- **REQUIREMENT**:
Copy nothing from the entries below except the lines from the one containing "Un soldat de" through the one containing "Elegant black crocodile", and copy those exactly.

- **RECORDS FOR THE EXERCISE**:
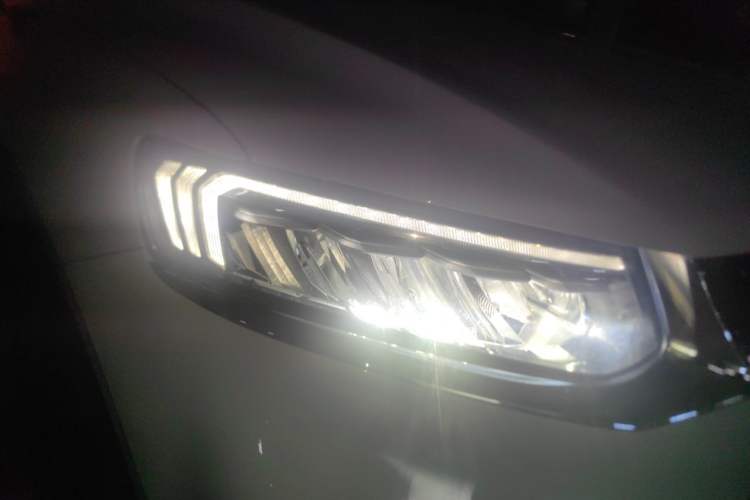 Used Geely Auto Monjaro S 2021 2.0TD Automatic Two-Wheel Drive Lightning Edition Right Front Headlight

--

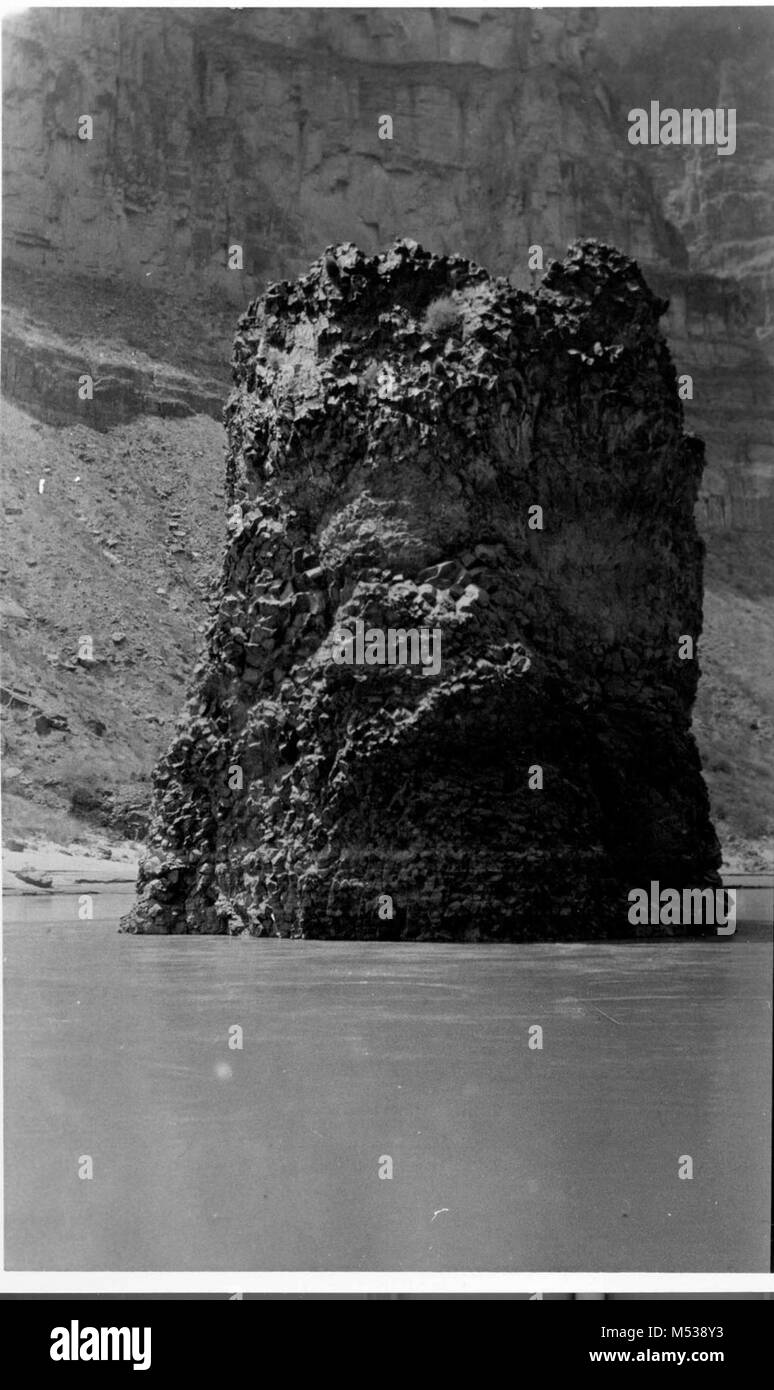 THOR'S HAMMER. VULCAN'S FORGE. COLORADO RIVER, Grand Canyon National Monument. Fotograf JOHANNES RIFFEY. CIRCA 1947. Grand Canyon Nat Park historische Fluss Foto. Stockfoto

--

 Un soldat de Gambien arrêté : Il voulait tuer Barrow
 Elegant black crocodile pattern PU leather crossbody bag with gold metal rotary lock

- **OUTPUT FOR THIS EXERCISE**:
 Un soldat de Gambien arrêté : Il voulait tuer Barrow
 Elegant black crocodile pattern PU leather crossbody bag with gold metal rotary lock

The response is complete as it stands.